---------- Extracted data ----------

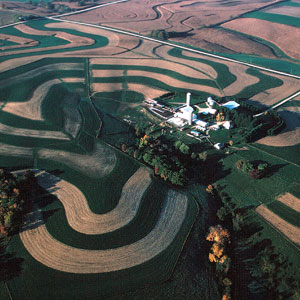 Contour farm with level row patterns around a hill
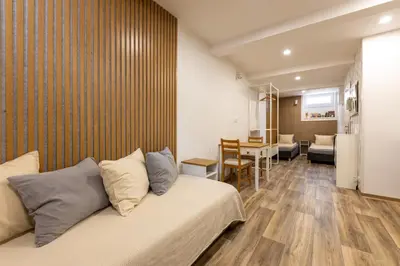 a room with two beds and a table at VOUSATÁ Dáma in Prague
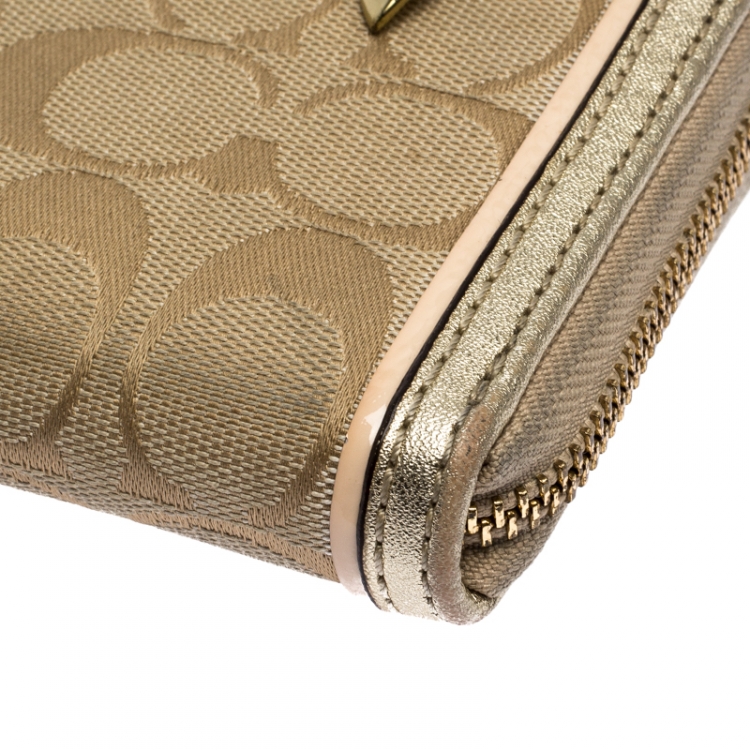 Pre Owned Coach Metallic Gold Signature Canvas Zip Around Wallet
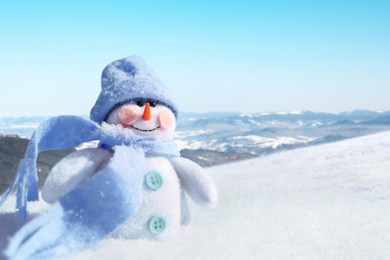 Image of Cute small decorative snowman outdoors on sunny day, space for text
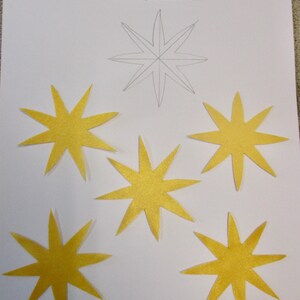 May include: Five yellow felt star appliques, each measuring 2.75 inches across, ready to iron and stitch down. The appliques are on a white sheet of paper with the text "Creations by Melodie" and "APPLIQUÉS" in blue text.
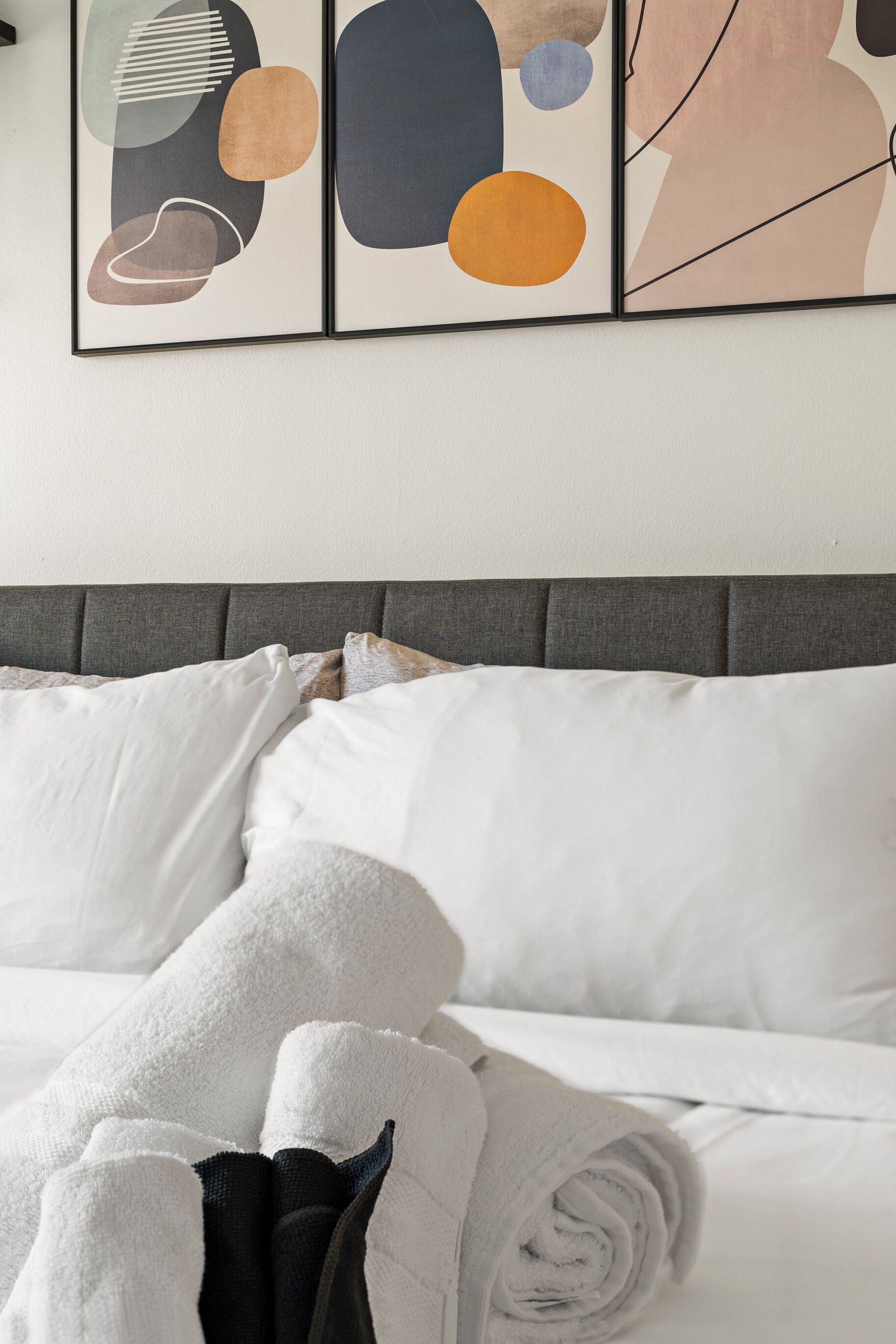 A neatly made bed with white linens and a folded towel.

----------

Task objective
Once the pictures are set aside, transcribe the remaining lines above exactly.

Expected output
 Contour farm with level row patterns around a hill
 a room with two beds and a table at VOUSATÁ Dáma in Prague
 Pre Owned Coach Metallic Gold Signature Canvas Zip Around Wallet
 Image of Cute small decorative snowman outdoors on sunny day, space for text
 May include: Five yellow felt star appliques, each measuring 2.75 inches across, ready to iron and stitch down. The appliques are on a white sheet of paper with the text "Creations by Melodie" and "APPLIQUÉS" in blue text.
 A neatly made bed with white linens and a folded towel.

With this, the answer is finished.